Mutated promoters mut122 and mut90 display reduced virus-induced activities. Cells from the L929 wt330 strain (top), mut122 strain (middle), and mut90 strain (bottom) were virus infected and collected at 0, 2, 4, 6, 8, 10, and 18 h after infection. The corresponding absolute CAT activities (i − mi) were measured.

FIG. 7.

Promoter mut90 displays a retarded postinfection transcriptional turn off. Cells from the L929 wt330 (○), mut122 (▪), and mut90 (▴) strains were virus infected and collected at 0, 2, 4, 6, 8, 10, 24, 32, and 54 h after infection. Percentages of the corresponding absolute CAT activities (i − mi) were measured. We have considered the activity reached by each strain 10 h after infection to be 100%.

FIG. 8.

Mutation of both YY1-binding sites (mut122/90) strongly reduces the virus-induced transcriptional capacity of the IFN-β promoter. (A) Cells from the wild-type L929 wt330 strain or the double mutant L929 mut122/90 strain were mock transfected or transiently transfected with 250 ng/well, final concentration, of pCMV or pCMV-YY1 plasmid. Cells were virus induced 48 h after transfection and collected 18 h after infection. NDV, Newcastle disease virus. (B) Noninfected wild-type murine L929 wt330 cells and double mutant L929 mut122/90 cells were treated or not with 100 ng of TSA/ml (final concentration) for 48 h before being collected. TSA was removed from the medium after virus infection and thereafter until collection of the cells. (C) Cells from the double mutant L929 mut122/90 strain were virus infected and collected at 0, 2, 4, 6, 8, 10, and 18 h after infection.
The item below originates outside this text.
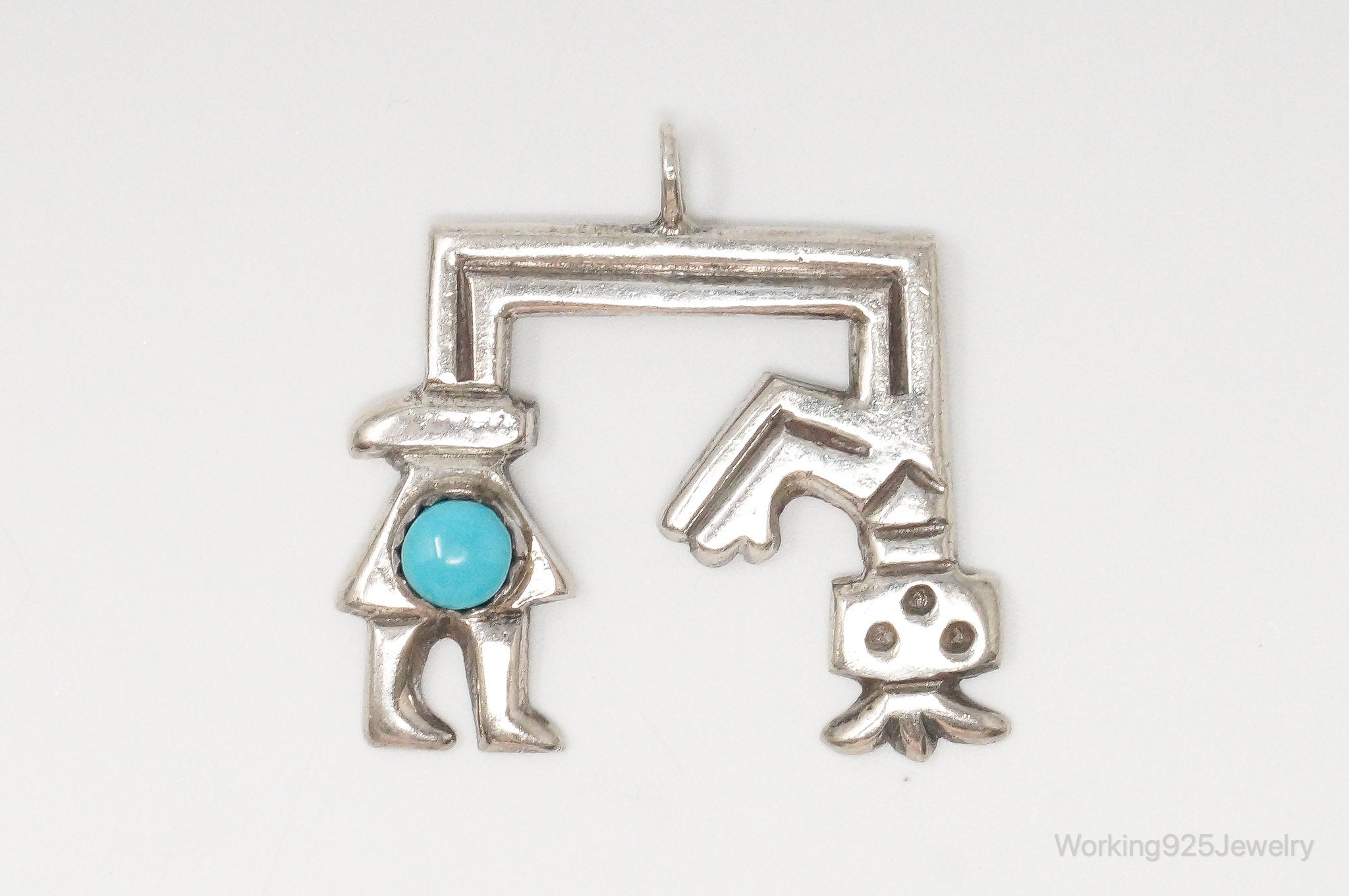 Vintage Native American Kachina Turquoise Sterling Silver Pendant
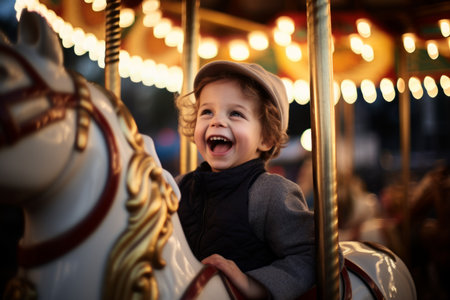 Joyful happy child boy cute carefree amazed excited little kid son preschool baby laughing European Caucasian toddler riding carousel amusement park holiday summer vacation family having fun childhoodの素材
The corresponding absolute CAT activities (i − mi) were measured.

FIG. 9.

The dual activator/repressor role of YY1 could be related to its capacity to interact with HATs and HDACs. We propose here a model that attempts to explain the bifunctional role of YY1 during the regulation of the transcriptional capacity of the IFN-β promoter. Several points remain to be demonstrated, setting up directions for future work. Besides the data obtained during this work, the model we propose here relies on (i) previous results indicating that before virus infection HDAC participates in the establishment of the promoter constitutive repression state (30); (ii) the work of Agalioti et al. (1) which indicates that Gcn5 is recruited by the promoter 3 h after infection, peaks 6 h after infection, and is released from the promoter 9 h after infection, whereas CBP peaks between 9 and 12 h after infection, does not participate during promoter histone acetylation, and remains bound to the promoter 24 h after infection; and (iii) the work of Munshi et al. (25) that describes CBP as essential for the transcriptional turn off of the IFN-β promoter. We suppose that in noninfected cells YY1 is predominantly bound to its −90 site and participates in promoter repression through an HDAC activity that deacetylates (DeAc) histones positioned in the NRDII region (top panel). Shortly after infection, YY1, alongside virus-activated factors bound to the VRE, participates in the recruitment of Gcn5. Gcn5 induces histone acetylation (Ac) necessary for nucleosome sliding and promoter transcriptional activation (1, 21) as well as YY1 acetylation (Ac) that disrupts YY1-DNA interactions (39) and could therefore induce YY1 promoter unbinding (middle panel). After release of Gcn5 from the promoter, nonacetylated forms of YY1 bind the promoter at its strongest −90 site and participate in the promoter transcriptional turn off in association with CBP and HDAC. Acetylation (Ac) of YY1 by CBP stabilizes YY1-HDAC interactions (39) (bottom panel).